LA PATERNITÀ DELL’OPERA D’ARTE É DI CHI L’HA IDEATA O DI CHI L’HA ESEGUITA?

Interno di uno spazio espositivo. Immagine tratta da Pixbay di i. Company inserita al solo scopo di accompagnare l’articolo ma senza una diretta correlazione con il contenuto del medesimo.

MILANO. Da qualche giorno le cronache d’arte si occupano di un caso che sta facendo davvero scalpore: lo scultore transalpino Daniel Druet è in procinto di portare in un’aula di tribunale Maurizio Cattelan, fra i maggiori artisti contemporanei, per ottenere un cospicuo risarcimento.

Il motivo? Druet, che ha materialmente realizzato nove fra i pezzi più noti dell’artista padovano, fra cui Him, che rappresenta Hitler improbabilmente inginocchiato mentre prega, sostiene che Cattelan, il gallerista Perrotin e lo spazio museale Monnaie de Paris che ha ospitato la mostra “Not afraid of Love”, allestita nel 2006, non lo abbiamo adeguatamente nominato nel volume che ha accompagnato la rassegna e nei relativi credits.

Per completezza va detto che Druet ha comunque ammesso d’essere stato regolarmente pagato per l’esecuzione di quei lavori, naturalmente con cifre nettamente inferiori – com’è logico – dalle stellari battiture all’asta spuntate dalle opere in questione.

Al di là dei risvolti giudiziari che si andranno a dibattere nelle sedi opportune, a noi interessa porre in evidenza un’altra questione, quella della paternità dell’opera d’arte. In altre parole: essa appartiene a chi ha ideato l’opera oppure a chi materialmente l’ha eseguita?

Molto commentatori hanno fatto osservare che, guardando al passato, la questione potrebbe trovare una rapida soluzione: infatti, non di rado anche grandi maestri si sono serviti di maestranze per completare o eseguire opere.
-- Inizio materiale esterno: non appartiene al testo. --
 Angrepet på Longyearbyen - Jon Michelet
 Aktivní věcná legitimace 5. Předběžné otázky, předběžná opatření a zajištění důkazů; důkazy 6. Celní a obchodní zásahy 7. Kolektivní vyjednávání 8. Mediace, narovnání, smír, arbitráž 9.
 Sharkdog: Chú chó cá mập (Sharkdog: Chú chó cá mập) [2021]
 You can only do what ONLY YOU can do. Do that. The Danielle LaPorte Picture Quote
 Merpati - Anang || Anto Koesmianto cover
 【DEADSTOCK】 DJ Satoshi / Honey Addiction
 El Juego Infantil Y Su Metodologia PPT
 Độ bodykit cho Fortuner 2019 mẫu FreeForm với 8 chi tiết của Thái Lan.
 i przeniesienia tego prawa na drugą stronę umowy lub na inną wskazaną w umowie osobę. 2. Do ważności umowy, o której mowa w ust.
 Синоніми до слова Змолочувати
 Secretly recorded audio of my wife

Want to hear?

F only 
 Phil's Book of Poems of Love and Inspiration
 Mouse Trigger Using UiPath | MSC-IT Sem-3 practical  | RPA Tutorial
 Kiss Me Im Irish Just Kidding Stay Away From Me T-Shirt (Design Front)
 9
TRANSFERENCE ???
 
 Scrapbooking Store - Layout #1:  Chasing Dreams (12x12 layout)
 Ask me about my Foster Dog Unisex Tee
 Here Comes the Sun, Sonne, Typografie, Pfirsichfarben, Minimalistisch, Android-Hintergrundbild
A confermarlo sono anche le didascalie di cataloghi e musei che parlano, a ragione, di “collaborazioni” e “aiuti”.

Detta così, non ci sarebbe neppure spazio per una discussione su chi attribuire la paternità dell’opera da ascrivere a chi l’ha ideata e, caso mai, ne ha seguito le fasi realizzative.

In questo caso specifico, però, la questione, è più complessa, in quanto, leggendo più approfonditamente le dichiarazioni dello scultore, pare di capire che Druet sostenga di ricevuto solo generiche indicazioni per eseguire i lavori, non una specifica e approfondita collaborazione e “regia” da parte di Cattelan.

Queste le parole esatte di Druet rilasciate a Pascale Nivelle apparse sulle colonne de “Le Monde” del primo maggio 2022: «Il (Cattelan, ndr) envoyait un fax de dix lignes ou bien ses collaborateurs italiens, qui parlaient à peine français, me donnaient quelques instructions. Tout ça était assez vague, et c’était à moi de me débrouiller».

Quindi, se così fosse, ammettiamolo soltanto come pura ipotesi, dato che, come detto, ancora tutto è al vaglio della magistratura francese, cioè se Cattelan avesse effettivamente dato solo poche e scarne indicazioni, a chi sarebbe da ascrivere l’opera? A lui, che comunque ha ideato l’opera, a Druet oppure a entrambi?

A mio parere tutta la vicenda va inserita in un contesto specifico: ovvero il “tipo” di arte che pratica Cattelan. Il quale non è come un artista “tradizionale”, mi si passi il termine, che si mette davanti alla tela bianca e con matita e pennelli realizza un dipinto.

La sua arte prevede la concettualizzazione dell’opera, mentre la realizzazione è affidata ad altre mani. Se si ragiona in questo modo credo che la paternità sia da ascrivere completamente a lui. Ma, ripeto, è un parere personale.